What is the BLOOM study?

The BLOOM clinical study is researching an investigational treatment to see if it may work in treating Sjogren’s Disease. BLOOM is specifically for people with ‘primary’ Sjogren’s Disease, meaning that their disease developed on its own and is not the consequence of another disease.

The purpose of the BLOOM clinical study is to learn more about the safety and effectiveness of the investigational medication, compared to placebo. A placebo looks like the study medication but does not contain any active ingredient.

The study medication is not approved by any regulatory health agency to treat Sjogren’s Disease. It is only available to people with Sjogren’s in clinical studies like this one.

Who is eligible to participate in this clinical study?

You may be able to take part if you:

Are between 18 and 74 years old

Have a diagnosis of primary Sjogren’s Disease for at least 1 year at screening 

Have not had a recent change to your treatment for primary Sjogren’s Disease (if you currently receive such treatment) 

Are not breastfeeding, pregnant, planning to become pregnant or get your partner pregnant during the study

Please note that additional criteria apply. The study doctor/staff can help you understand which criteria you need to meet to qualify for this study.

All study-related visits, tests, and investigational treatment will be provided. You may be reimbursed for study visit-related parking, travel and meal expenses.

Click on the button to take a pre-screener and see if you qualify.

What will happen during this clinical study?

After the initial screening period, if you are eligible and agree to participate, you will begin the study.

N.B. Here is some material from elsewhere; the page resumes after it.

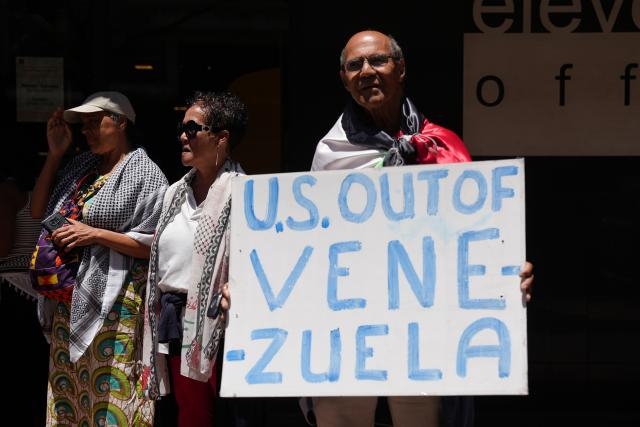 (260116) -- CAPE TOWN, Jan. 16, 2026 (Xinhua) -- People take part in a protest against U.S. military action in Venezuela in Cape Town, South Africa, Jan. 16, 2026. A protest was held on Friday in Cape Town, South Africa's legislative capital, against U.S. military action in Venezuela, with demonstrators calling for the immediate release of Venezuelan President Nicolas Maduro and his wife, Cilia Flores. (Xinhua/Wang Lei)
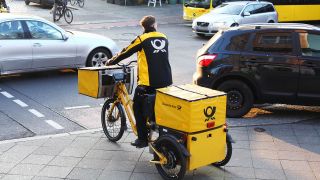 Ein Briefbote von Deutsche Post DHL steht mit seinem Elektrofahrrad an einer Straße in Berlin. (Quelle: dpa/Wolfram Steinberg)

You have a 2 in 3 chance of receiving the investigational treatment, and a 1 in 3 chance of receiving placebo. You and the study doctor/staff will not know which investigational treatment (investigational medication or placebo) you are receiving. However, in the event of an emergency, this information can be provided.

If you complete the study, you may have the option to enter a long-term extension (LTE) study.

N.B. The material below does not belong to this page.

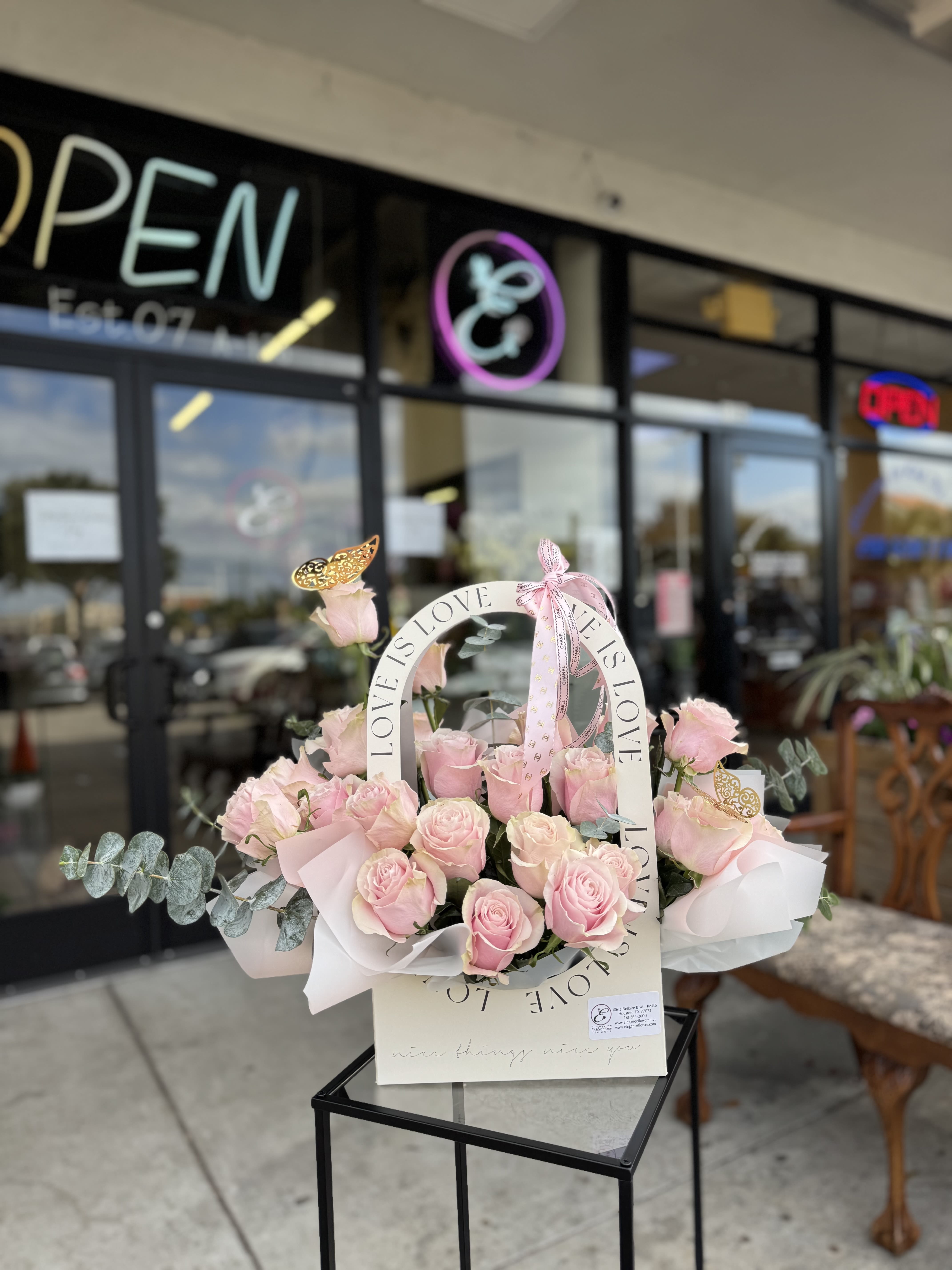 Pink roses arranged in a white basket with a LOVE ribbon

Throughout the study, you will have the option to receive some injections at home. The study doctor/staff will talk with you more about this.

You will also be asked to attend about 17 clinic visits for health exams and tests to evaluate your health. After the first several visits, the remaining clinic visits will be scheduled on a monthly basis. Your total study participation (screening/treatment/follow-up) may last up to 57 weeks (approximately 14 months).